++++ The data
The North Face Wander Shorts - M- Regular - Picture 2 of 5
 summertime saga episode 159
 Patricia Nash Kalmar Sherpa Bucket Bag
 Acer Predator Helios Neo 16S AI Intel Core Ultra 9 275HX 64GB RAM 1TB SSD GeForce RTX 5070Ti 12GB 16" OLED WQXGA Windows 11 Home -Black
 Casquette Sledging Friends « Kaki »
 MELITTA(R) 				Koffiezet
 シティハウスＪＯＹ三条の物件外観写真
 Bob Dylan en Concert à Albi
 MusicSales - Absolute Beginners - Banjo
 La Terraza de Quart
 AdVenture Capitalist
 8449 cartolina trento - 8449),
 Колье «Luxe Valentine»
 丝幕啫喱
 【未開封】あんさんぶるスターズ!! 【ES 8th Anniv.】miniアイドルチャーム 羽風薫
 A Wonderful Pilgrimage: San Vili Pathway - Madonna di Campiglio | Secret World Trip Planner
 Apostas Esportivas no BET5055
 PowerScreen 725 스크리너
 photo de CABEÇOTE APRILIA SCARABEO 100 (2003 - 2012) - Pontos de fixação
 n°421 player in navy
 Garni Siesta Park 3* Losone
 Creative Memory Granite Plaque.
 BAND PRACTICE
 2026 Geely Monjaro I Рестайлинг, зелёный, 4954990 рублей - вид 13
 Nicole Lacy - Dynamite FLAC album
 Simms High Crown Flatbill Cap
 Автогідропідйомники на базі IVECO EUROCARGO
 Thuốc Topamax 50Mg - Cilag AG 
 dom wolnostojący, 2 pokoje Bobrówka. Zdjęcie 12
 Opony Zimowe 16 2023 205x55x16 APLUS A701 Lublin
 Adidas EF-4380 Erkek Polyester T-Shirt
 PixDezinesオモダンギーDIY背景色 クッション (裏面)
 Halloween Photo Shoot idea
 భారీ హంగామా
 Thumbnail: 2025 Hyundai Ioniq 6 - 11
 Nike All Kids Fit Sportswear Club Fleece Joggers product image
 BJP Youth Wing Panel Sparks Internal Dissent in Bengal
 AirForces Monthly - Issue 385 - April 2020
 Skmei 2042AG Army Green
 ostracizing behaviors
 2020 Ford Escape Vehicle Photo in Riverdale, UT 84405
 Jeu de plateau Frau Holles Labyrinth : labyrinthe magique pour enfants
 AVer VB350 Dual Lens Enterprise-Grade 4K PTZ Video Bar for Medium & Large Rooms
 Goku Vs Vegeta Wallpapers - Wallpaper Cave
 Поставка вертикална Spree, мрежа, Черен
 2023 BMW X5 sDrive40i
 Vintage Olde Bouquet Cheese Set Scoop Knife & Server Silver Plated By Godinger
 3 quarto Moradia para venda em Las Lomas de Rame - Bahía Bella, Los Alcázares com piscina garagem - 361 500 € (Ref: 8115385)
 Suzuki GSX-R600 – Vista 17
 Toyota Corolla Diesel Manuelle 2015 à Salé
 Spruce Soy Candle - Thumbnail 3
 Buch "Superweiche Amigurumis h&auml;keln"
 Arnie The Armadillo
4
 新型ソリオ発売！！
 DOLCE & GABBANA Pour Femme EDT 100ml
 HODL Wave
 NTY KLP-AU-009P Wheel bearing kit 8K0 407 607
++++++++
■ Assignment ■
Each line above with the word "Thumbnail" must be returned.

■ Output of the exercise ■
 Thumbnail: 2025 Hyundai Ioniq 6 - 11
 Spruce Soy Candle - Thumbnail 3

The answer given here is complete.